-- Opening Marker --
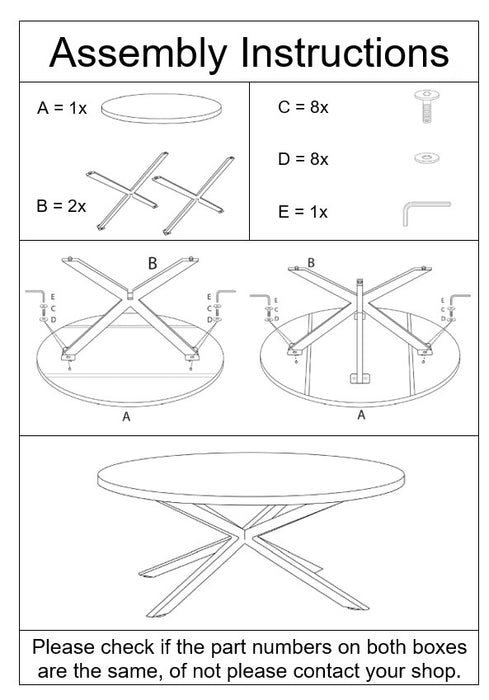 Eettafel Oslo Mangohout Zwart 130 cm-Eettafels-Livingfurn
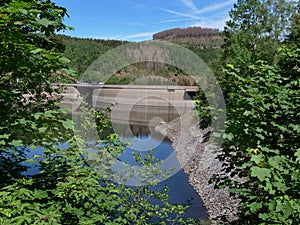 Foray into the Okertalsperre in northern Harz in the state of Lower Saxony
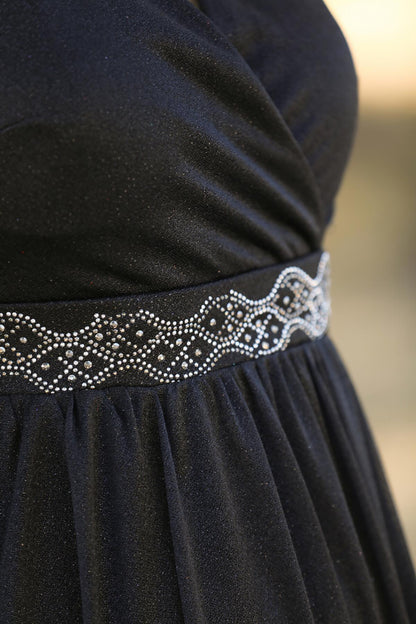 Langes Abendkleid, Schwarz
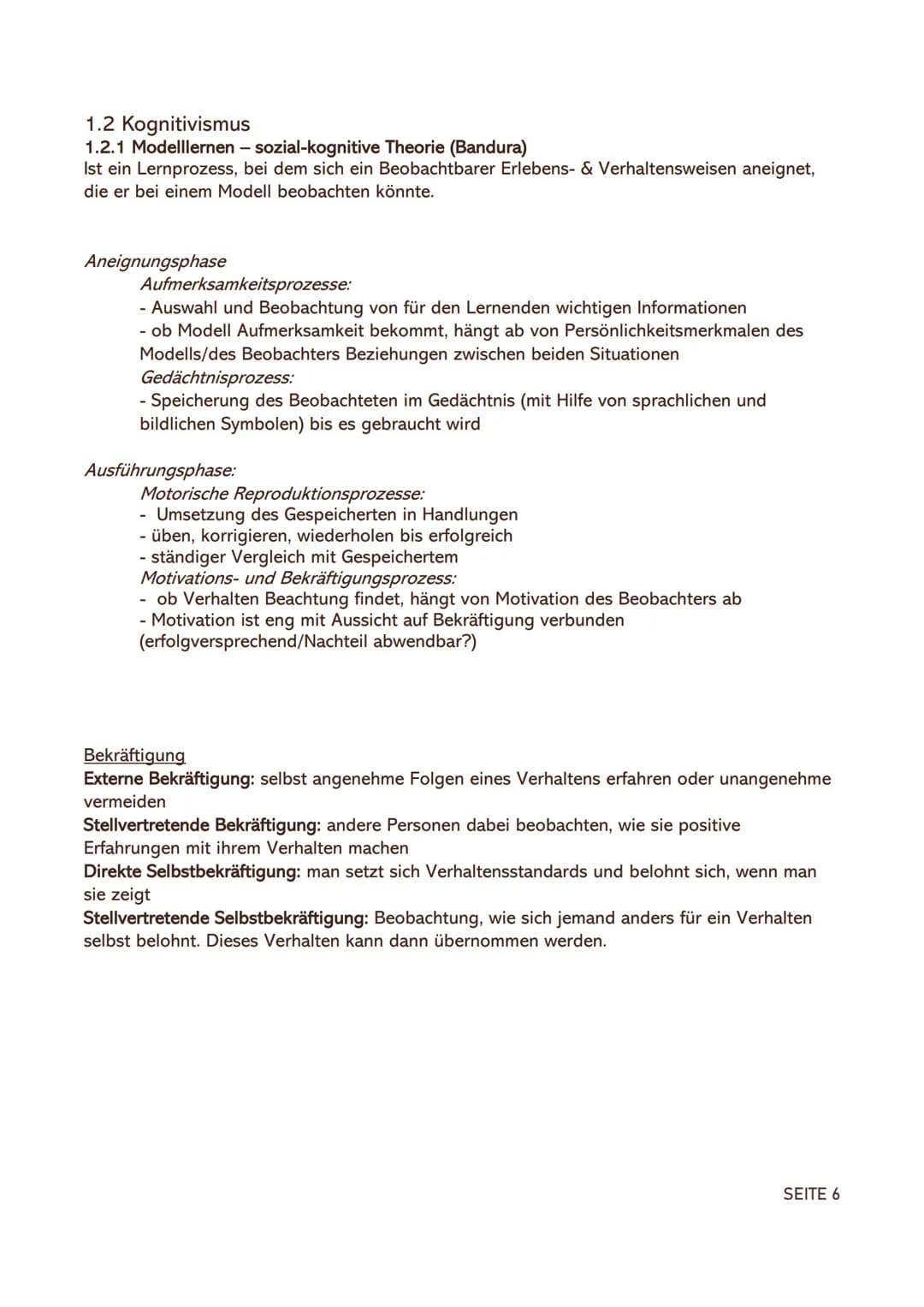 Pädagogik Leistungskurs
ABITUR 2022/23 Inhaltsverzeichnis
1. Lerntheorien
1.1. Behaviorismus
1.1.1. Klassische Konditionierung (Pawlow)
1.1.
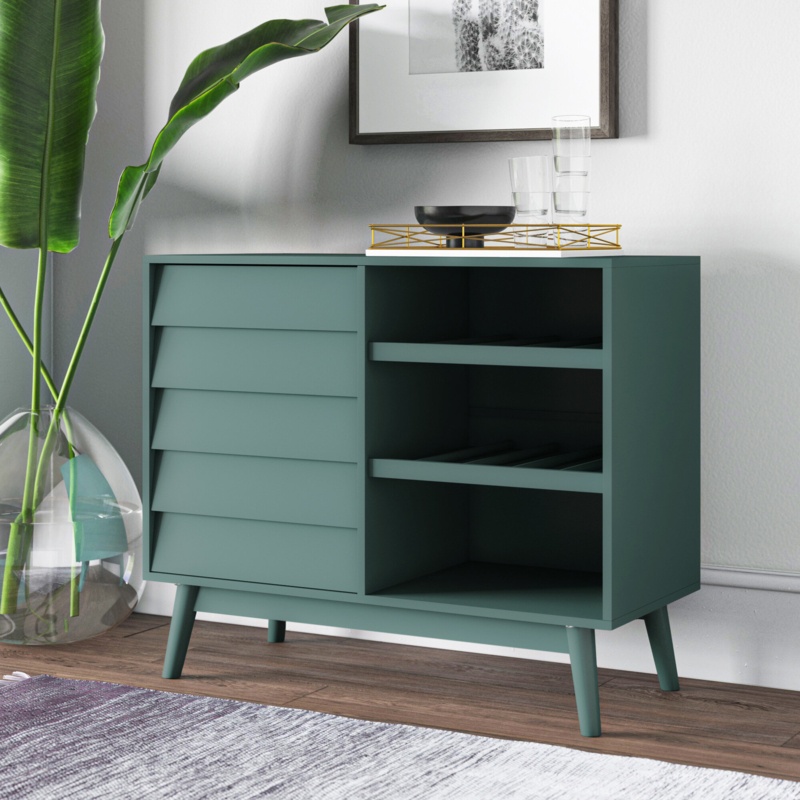Mid-Century Modern Bar Cabinet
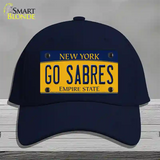 Go Sabres Novelty License Plate Hat Tag Cotton / Navy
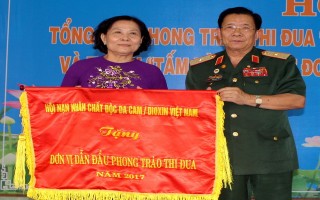 Tổng kết phong trào thi đua vì NNCĐDC/ dioxin Tây Ninh năm 2017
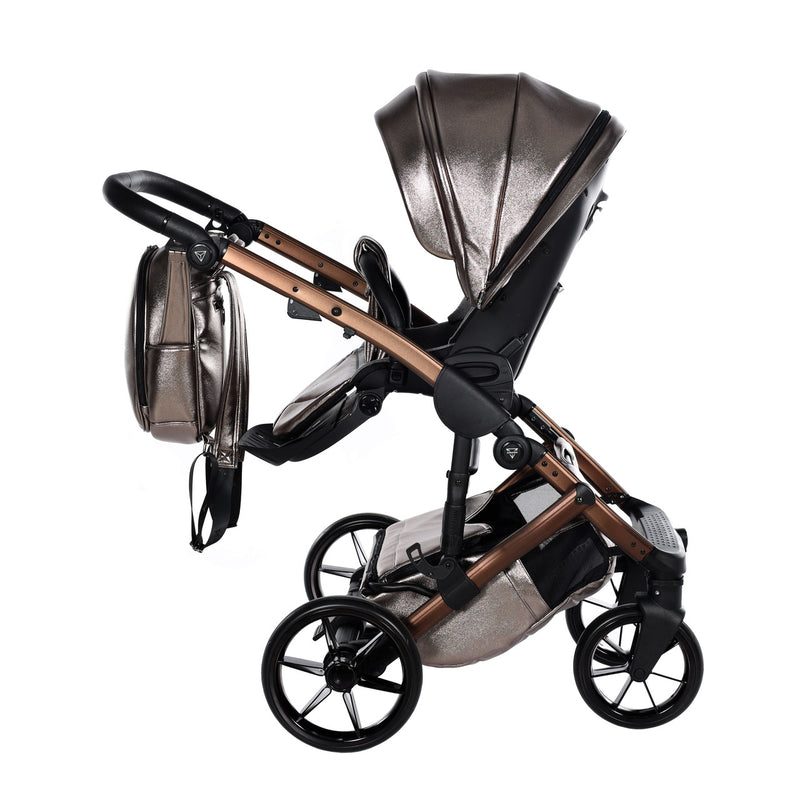 JUNAMA HANDCRAFT GLOSSY BROWN METALLIC - 3IN1 (INCLUDES CAR SEAT)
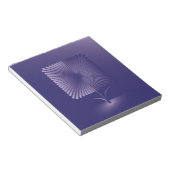 Violettquadrat Blume Notizblock (angewinkelt)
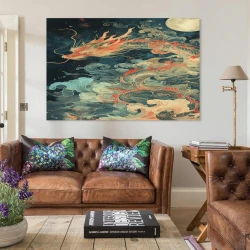 Dragon Peinture sur toile sans cadre, impressions posters art mural pour déco maison chambre bureau
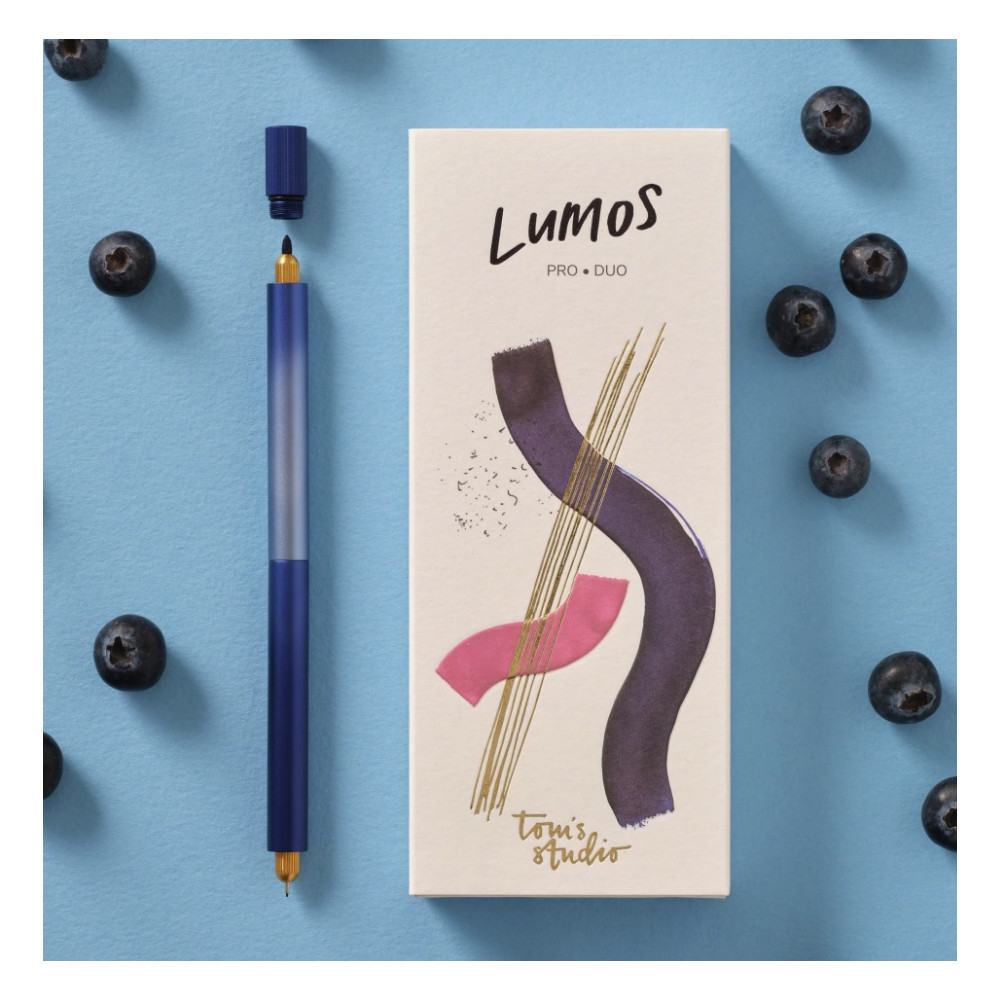 Lumos Pro Duo fineliner - Tom’s Studio - Blueberry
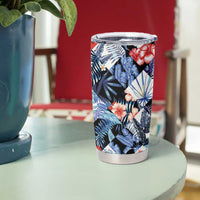 Hawaii Tropicana Blue Pattern Tumbler Cup - Wonder Print Shop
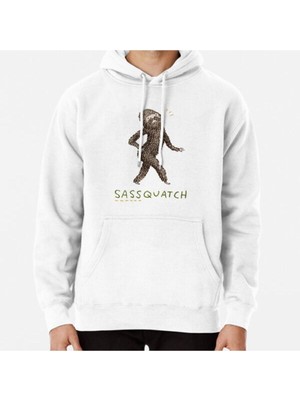 Hvit Stein Sassquatch Baskılı Sweatshirt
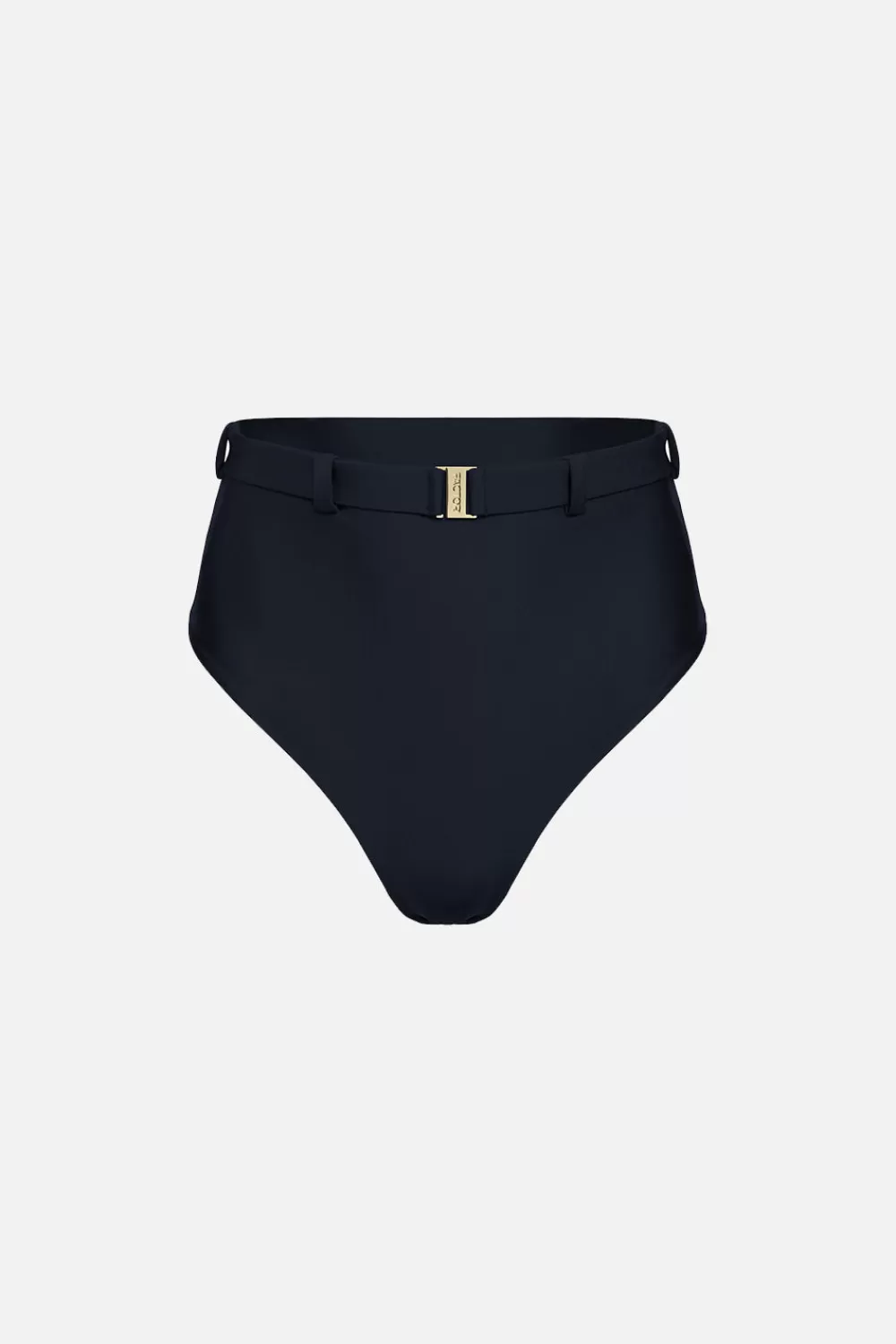 Woman Factor Bermuda Beachwear | The High Waist Silhouette Bikini Bottom In Ocean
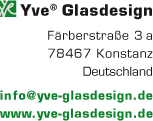 anschrift Yve-Glasdesign  Schwarz- & Weisstne
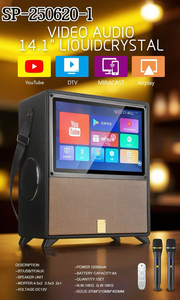 14.1Inch Loa Karaoke Với Màn Hình SS-TPO2 Ai Màn Hình Thông Minh <span class=keywords><strong>Wifi</strong></span> Loa 70W 12000MAh Hệ Thống Nhà Hát Bên Loa - Product Image 3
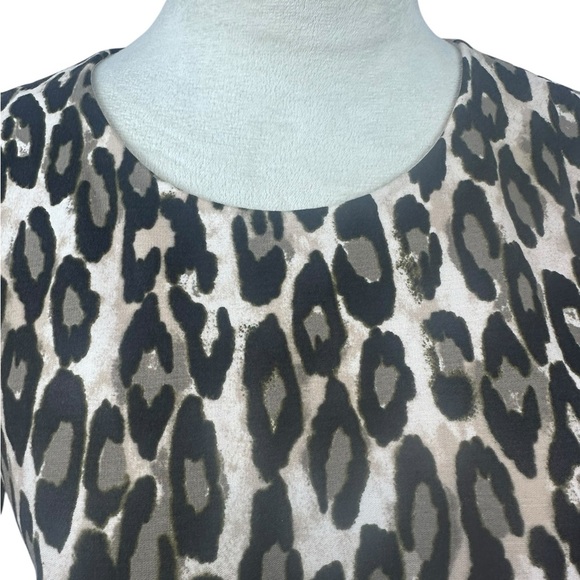 Kate Spade leopard print fit and flare dress size 10 - Picture 4 of 13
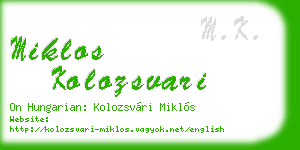 miklos kolozsvari business card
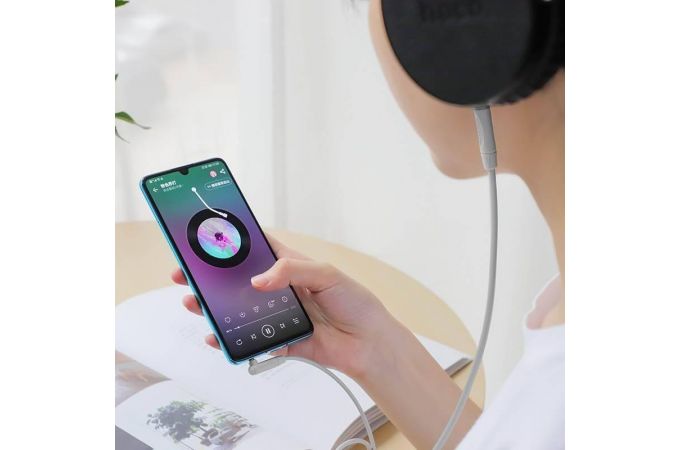 Кабель аудио AUX BOROFONE BL4 AUX 3.5 1 метр серый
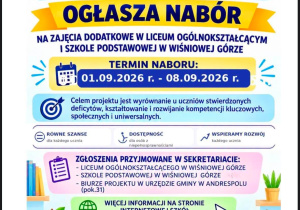 Plakat informacyjny projektu Sposób na edukację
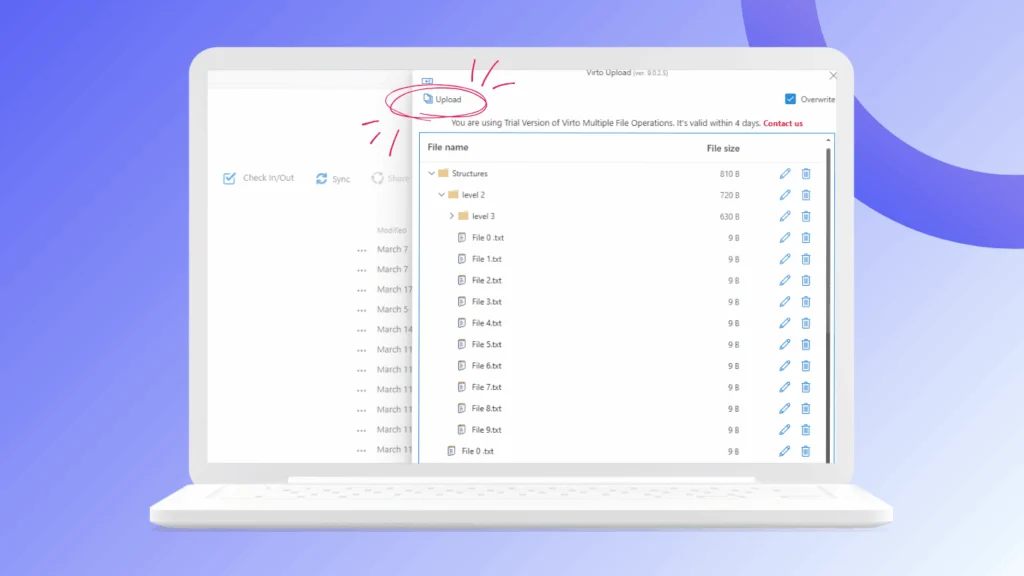 Virto Multiple File Operations for SharePoint Online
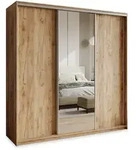Masseno Schwebet&uuml;renschrank, Orange, Holzwerkstoff, 9 F&auml;cher, 4 Schubladen,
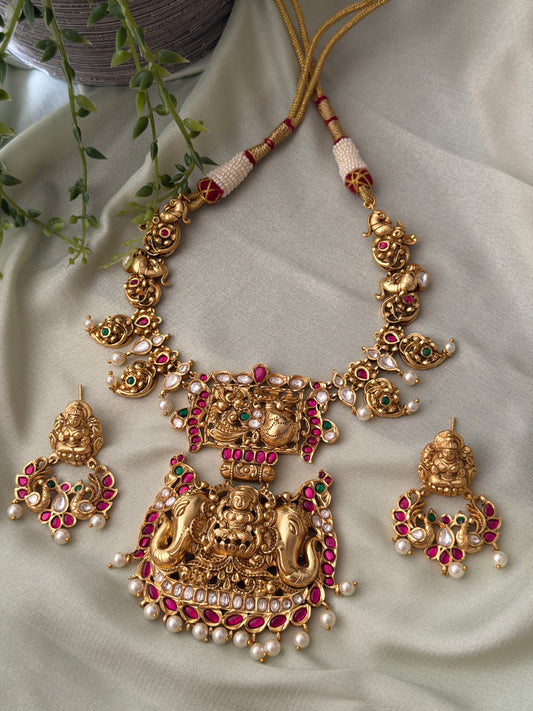 Ahalya Premium Lakshmi Necklace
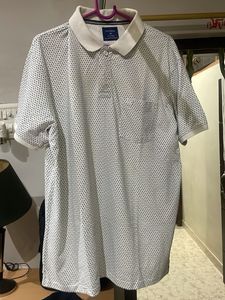 Patterned Polo Shirt
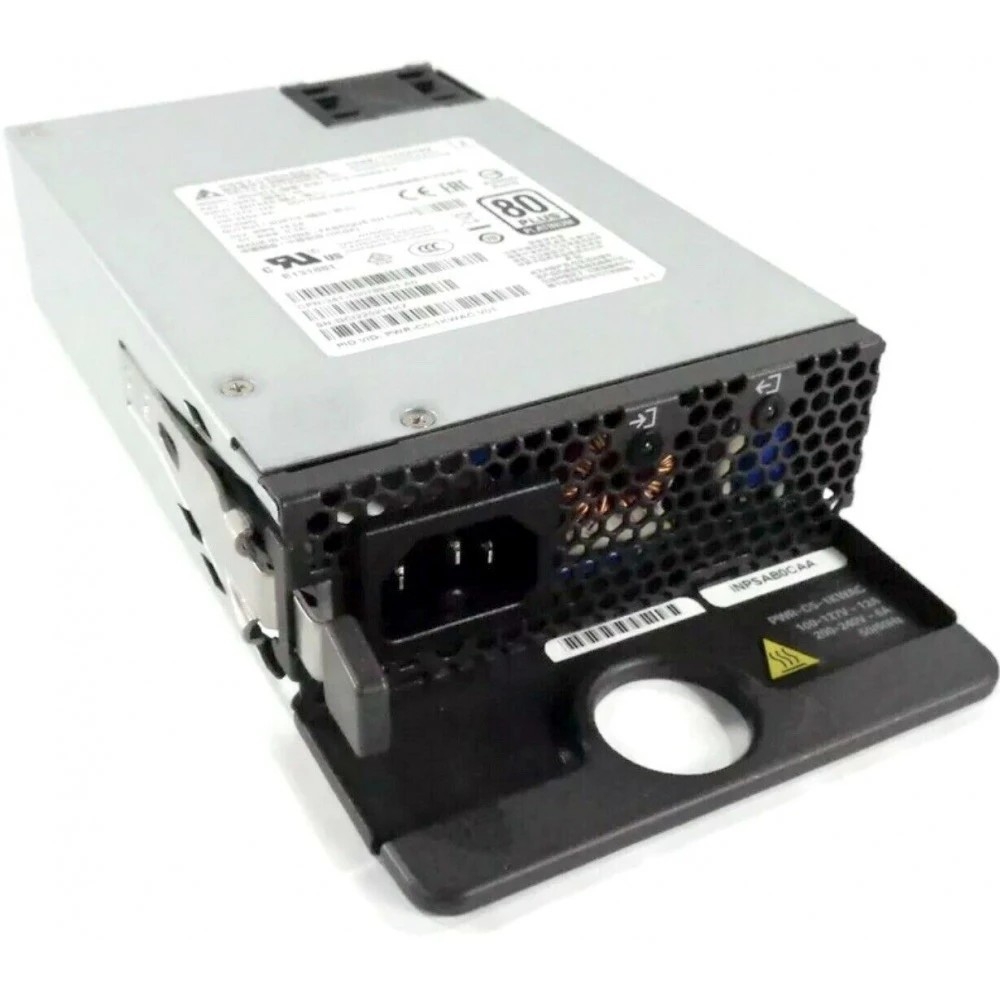 Блок питания Cisco PWR-C5-1KWAC=, 1000 Вт, 100–240 В, 1U, горячая замена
-- Closing Marker --
About this exercise:
What is needed is an exact copy of the records above, with no pictures in it.

Solution to the problem:
 Eettafel Oslo Mangohout Zwart 130 cm-Eettafels-Livingfurn
 Foray into the Okertalsperre in northern Harz in the state of Lower Saxony
 Langes Abendkleid, Schwarz
 Pädagogik Leistungskurs
ABITUR 2022/23 Inhaltsverzeichnis
1. Lerntheorien
1.1. Behaviorismus
1.1.1. Klassische Konditionierung (Pawlow)
1.1.
Mid-Century Modern Bar Cabinet
 Go Sabres Novelty License Plate Hat Tag Cotton / Navy
 Tổng kết phong trào thi đua vì NNCĐDC/ dioxin Tây Ninh năm 2017
 JUNAMA HANDCRAFT GLOSSY BROWN METALLIC - 3IN1 (INCLUDES CAR SEAT)
 Violettquadrat Blume Notizblock (angewinkelt)
 Dragon Peinture sur toile sans cadre, impressions posters art mural pour déco maison chambre bureau
 Lumos Pro Duo fineliner - Tom’s Studio - Blueberry
 Hawaii Tropicana Blue Pattern Tumbler Cup - Wonder Print Shop
 Hvit Stein Sassquatch Baskılı Sweatshirt
 Woman Factor Bermuda Beachwear | The High Waist Silhouette Bikini Bottom In Ocean
 anschrift Yve-Glasdesign  Schwarz- & Weisstne
 14.1Inch Loa Karaoke Với Màn Hình SS-TPO2 Ai Màn Hình Thông Minh <span class=keywords><strong>Wifi</strong></span> Loa 70W 12000MAh Hệ Thống Nhà Hát Bên Loa - Product Image 3
 Kate Spade leopard print fit and flare dress size 10 - Picture 4 of 13
 miklos kolozsvari business card
 Кабель аудио AUX BOROFONE BL4 AUX 3.5 1 метр серый
 Plakat informacyjny projektu Sposób na edukację
 Virto Multiple File Operations for SharePoint Online
Masseno Schwebet&uuml;renschrank, Orange, Holzwerkstoff, 9 F&auml;cher, 4 Schubladen,
 Ahalya Premium Lakshmi Necklace
 Patterned Polo Shirt
 Блок питания Cisco PWR-C5-1KWAC=, 1000 Вт, 100–240 В, 1U, горячая замена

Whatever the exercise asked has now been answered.